• **What to do**: From the line containing "Image of Economy" through the end of the material below, output each line exactly as written, with pictures excluded.

• **The data**:

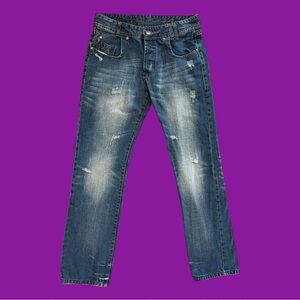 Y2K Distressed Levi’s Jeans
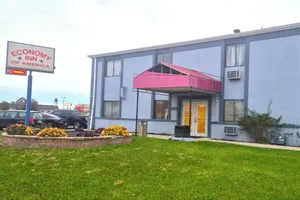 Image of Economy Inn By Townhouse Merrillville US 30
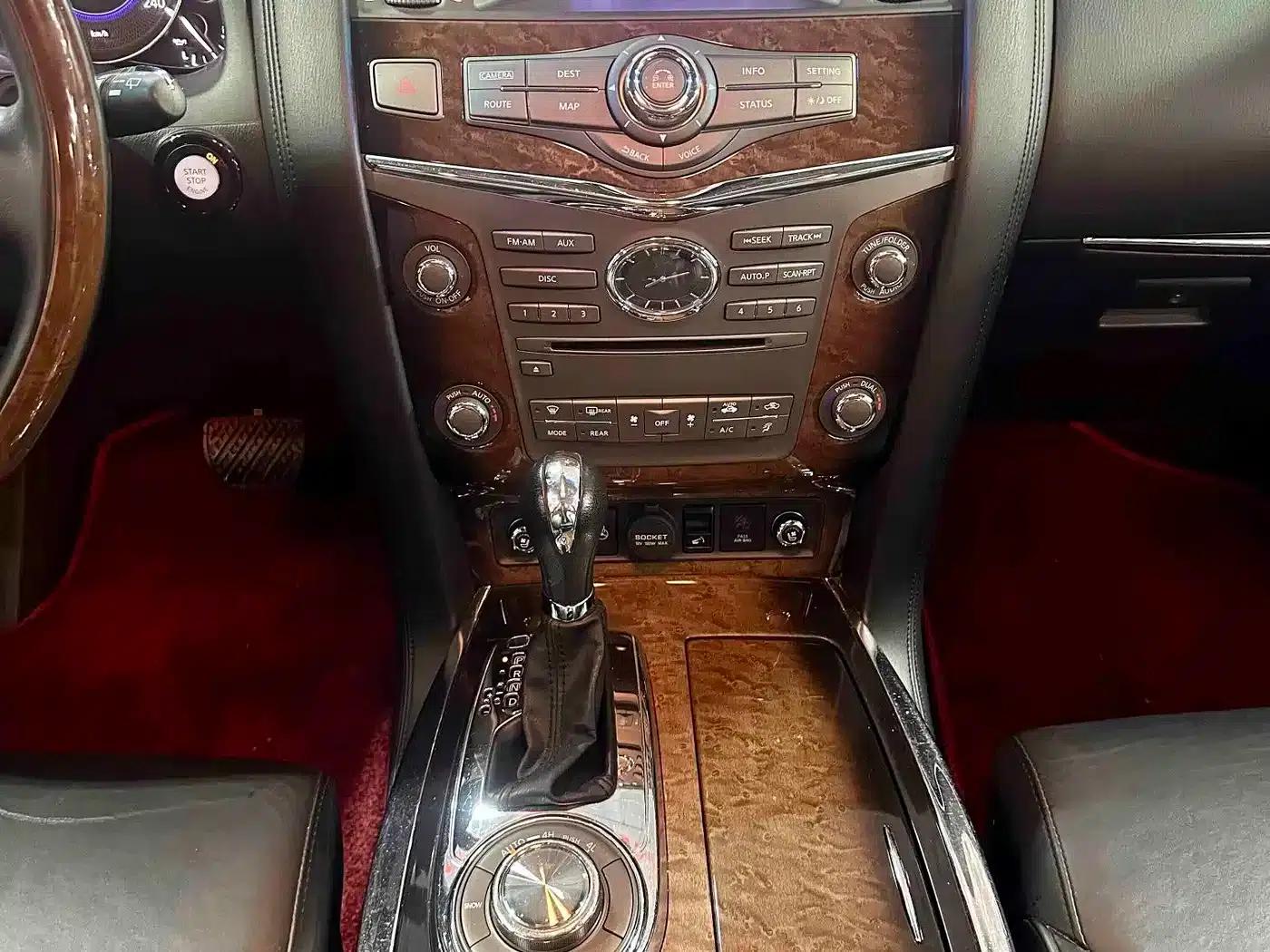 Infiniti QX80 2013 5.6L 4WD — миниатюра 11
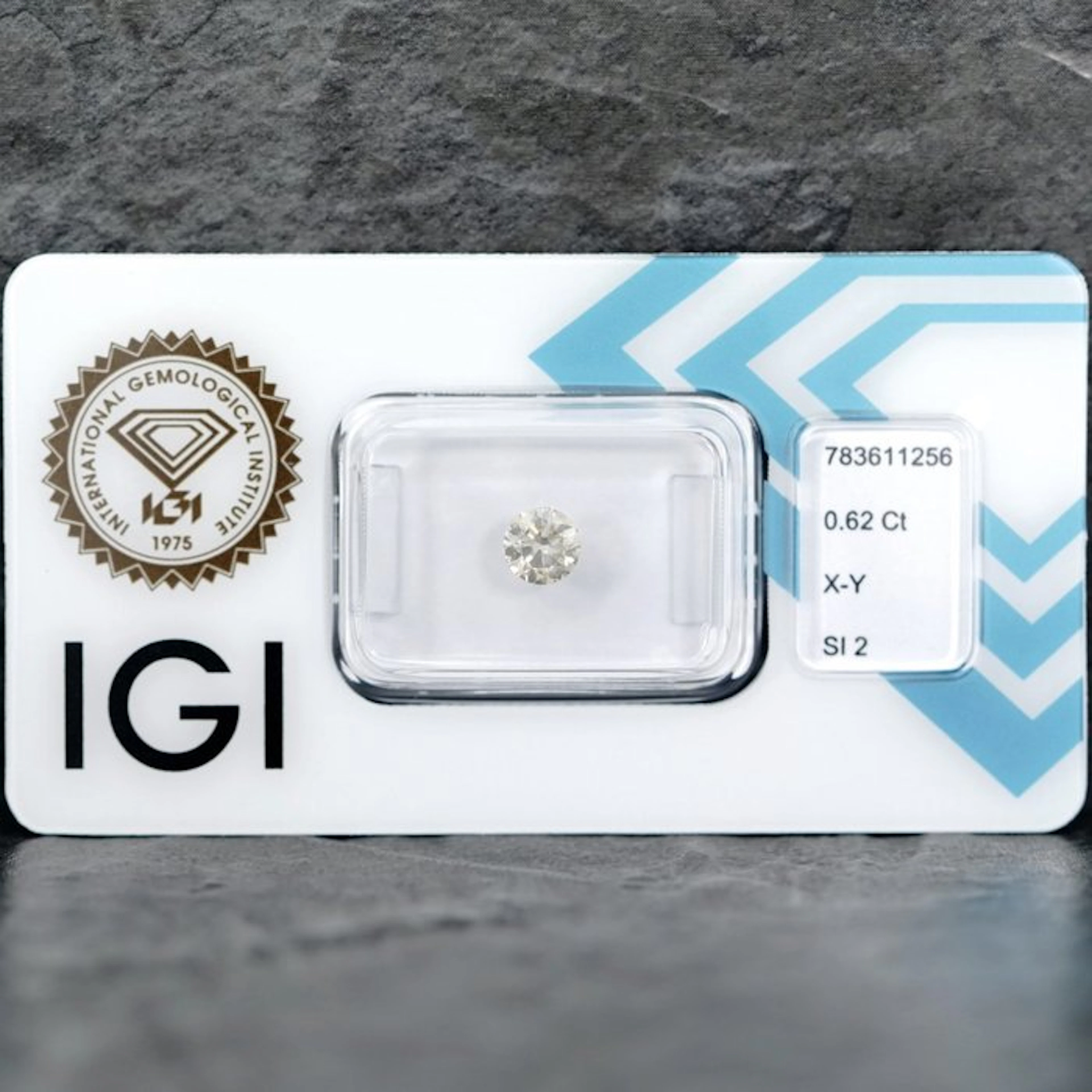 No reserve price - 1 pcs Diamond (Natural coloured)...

• **Solution for this task**:
 Image of Economy Inn By Townhouse Merrillville US 30
 Infiniti QX80 2013 5.6L 4WD — миниатюра 11
 No reserve price - 1 pcs Diamond (Natural coloured)...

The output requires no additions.